The lights of the Christmas tree glow and create a warm corner in the dim light as the sun rises outside.  The fireplace also compliments the room with the golden flames.  The rest of the house is quiet on this Sunday morning.  It is quiet outside, everything muffled by the new snow that fell while we slept.  Today is a day of possibilities, although not much promises to get done when more snow is predicted.  There are the normal chores to move through today:  laundry, dishes, work stuff...but nothing major.

Today will be a day to work on getting the new nursery ready for our baby, who will be here in about a month, give or take a few days.  The girls will most likely spend their day in pajamas, unless they try to venture outside to play in the snow while I shovel the walk and driveway.  Even the dog and cat only got up when I ventured downstairs this morning to make coffee and refill the food dishes.  They are now back either in their basket or in front of the fire, content to let the snow keep falling.

We are nearly at a time in the year where things stop and all are given time to just rest and reflect.  There has been so much this year to be thankful for.  I am thankful for the health of my children and my wife.  The older I grow, the more I acknowledge the importance of health.  The shield of seeming invincibility that I once carried is now almost completely gone, and the reality of life being a finite thing is truly sinking in.  It is not that I feel old or that anything is happening with my own health, there are just times when I recognize how fleeting life can be.  Sometimes I lay awake, thinking about all that there is to do and accomplish, and I am overwhelmed.

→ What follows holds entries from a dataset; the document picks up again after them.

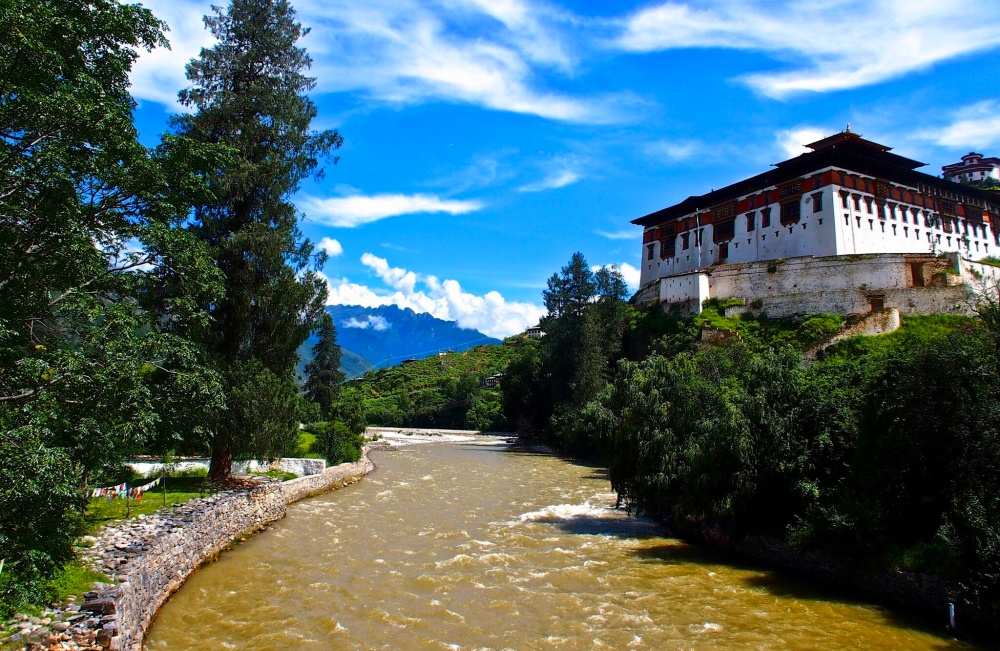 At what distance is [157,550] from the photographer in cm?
1273

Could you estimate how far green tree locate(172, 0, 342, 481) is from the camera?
2044 centimetres

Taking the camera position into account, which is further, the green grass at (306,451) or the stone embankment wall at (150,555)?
the green grass at (306,451)

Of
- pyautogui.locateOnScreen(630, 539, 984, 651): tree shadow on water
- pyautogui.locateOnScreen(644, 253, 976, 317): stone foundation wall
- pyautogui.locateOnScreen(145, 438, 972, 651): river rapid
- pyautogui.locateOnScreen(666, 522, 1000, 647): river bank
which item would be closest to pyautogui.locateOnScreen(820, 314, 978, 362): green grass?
pyautogui.locateOnScreen(644, 253, 976, 317): stone foundation wall

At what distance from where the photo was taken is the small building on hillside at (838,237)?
41.7 meters

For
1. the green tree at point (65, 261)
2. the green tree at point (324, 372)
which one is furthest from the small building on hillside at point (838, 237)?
the green tree at point (65, 261)

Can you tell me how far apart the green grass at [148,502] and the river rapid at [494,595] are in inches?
98.9

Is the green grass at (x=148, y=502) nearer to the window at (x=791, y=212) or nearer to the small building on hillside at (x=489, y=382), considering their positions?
the window at (x=791, y=212)

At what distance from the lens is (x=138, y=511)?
15.9 meters

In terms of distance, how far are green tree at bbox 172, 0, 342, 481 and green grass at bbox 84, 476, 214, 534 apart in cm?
113

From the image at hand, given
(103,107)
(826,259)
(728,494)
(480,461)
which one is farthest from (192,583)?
(826,259)

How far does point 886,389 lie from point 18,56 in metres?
18.7

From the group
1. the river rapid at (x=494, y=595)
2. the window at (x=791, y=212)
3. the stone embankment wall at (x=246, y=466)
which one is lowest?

It isn't 2017 yet, but we are all starting to look ahead to the next year and the possibilities it brings.  What adventures will we have?  What can we do differently to make our lives better?  More complete?  This is the time of year we look around and ask what will help to define our lives.  What can I do?  Who can I interact with?  Where can I go?  There is no one correct answer, which makes this process all the more open-ended and flustering.  Sometimes I know what I need to do, and other times it is like taking a leap of faith.  Has there ever been anyone who took a last breath and felt content...or were they so motivated to seize each moment that even they were not satisfied with the life they had lived?

But I digress.  I am content here on the couch.  The sun has risen, yet again.  My oldest daughter has woken up from a night of not feeling well, and is now asking for pancakes.  She has her health back, and to start the day with such a thing is a blessing.  So now I take a deep breath and give thanks and step into the day that is given, feeling satisfied and not worrying too much about where this time will land in the overall puzzle that is life.